Re: [RFC PATCH 0/4] mm/page_alloc: cache pte-mapped allocations

From: Vlastimil Babka
Date: Tue Aug 24 2021 - 12:09:49 EST


On 8/23/21 15:25, Mike Rapoport wrote:
> From: Mike Rapoport <rppt@xxxxxxxxxxxxx>
>
> Hi,
>
> This is early prototype for addition of cache of pte-mapped pages to the
> page allocator. It survives boot and some cache shrinking, but it's still
> a long way to go for it to be ready for non-RFC posting.
>
> The example use-case for pte-mapped cache is protection of page tables and
> keeping them read-only except for the designated code that is allowed to
> modify the page tables.
>
> I'd like to get an early feedback for the approach to see what would be
> the best way to move forward with something like this.
>
> This set is x86 specific at the moment because other architectures either
> do not support set_memory APIs that split the direct^w linear map (e.g.
> PowerPC) or only enable set_memory APIs when the linear map uses basic page
> size (like arm64).
>
> == Motivation ==
>
> There are usecases that need to remove pages from the direct map or at

Such use-case is e.g. the SEV-SNP support proposed here:
https://lore.kernel.org/linux-coco/20210820155918.7518-7-brijesh.singh@xxxxxxx/

> least map them with 4K granularity.
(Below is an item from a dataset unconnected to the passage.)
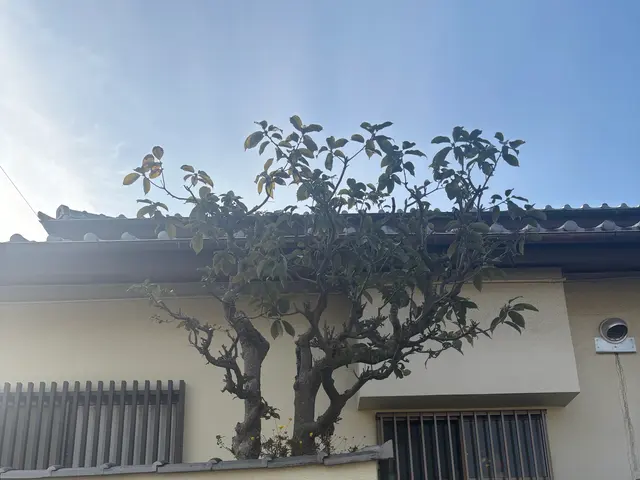 イメージ通りに仕上げる丁寧な作業でお客様満足度の高いプロによる安心サービスサービスの画像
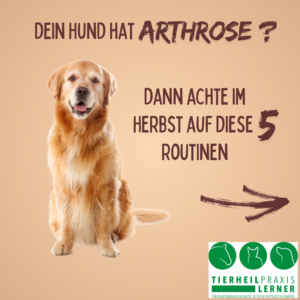 5 Dinge mit denen du Deinen Arthrose-geplagten Hund unterstützen kannst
Whenever this is done e.g. with
> set_memory/set_direct_map APIs, the PUD and PMD sized mappings in the
> direct map are split into smaller pages.
>
> To reduce the performance hit caused by the fragmentation of the direct map
> it make sense to group and/or cache the 4K pages removed from the direct
> map so that the split large pages won't be all over the place.
>
> There were RFCs for grouped page allocations for vmalloc permissions [1]
> and for using PKS to protect page tables [2] as well as an attempt to use a
> pool of large pages in secretmtm [3].
>
> == Implementation overview ==
>
> This set leverages ideas from the patches that added PKS protection to page
> tables, but instead of adding per-user grouped allocations it tries to move
> the cache of pte-mapped pages closer to the page allocator.
>
> The idea is to use a gfp flag that will instruct the page allocator to use
> the cache of pte-mapped pages because the caller needs to remove them from
> the direct map or change their attributes.

Like Dave, I don't like much the idea of a new GFP flag that all page
allocations now have to check, and freeing that has to check a new pageblock
flag, although I can see some of the benefits this brings...
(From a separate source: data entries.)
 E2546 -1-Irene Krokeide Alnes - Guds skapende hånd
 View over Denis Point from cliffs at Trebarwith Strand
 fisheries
> When the cache is empty there is an attempt to refill it using PMD-sized
> allocation so that once the direct map is split we'll be able to use all 4K
> pages made available by the split.
>
> If the high order allocation fails, we fall back to order-0 and mark the

Yeah, this fallback is where we benefit from the page allocator implementation,
because of the page freeing hook that will recognize page from such fallback
blocks and free them to the cache. But does that prevent so much fragmentation
to be worth it? I'd see first if we can do without it.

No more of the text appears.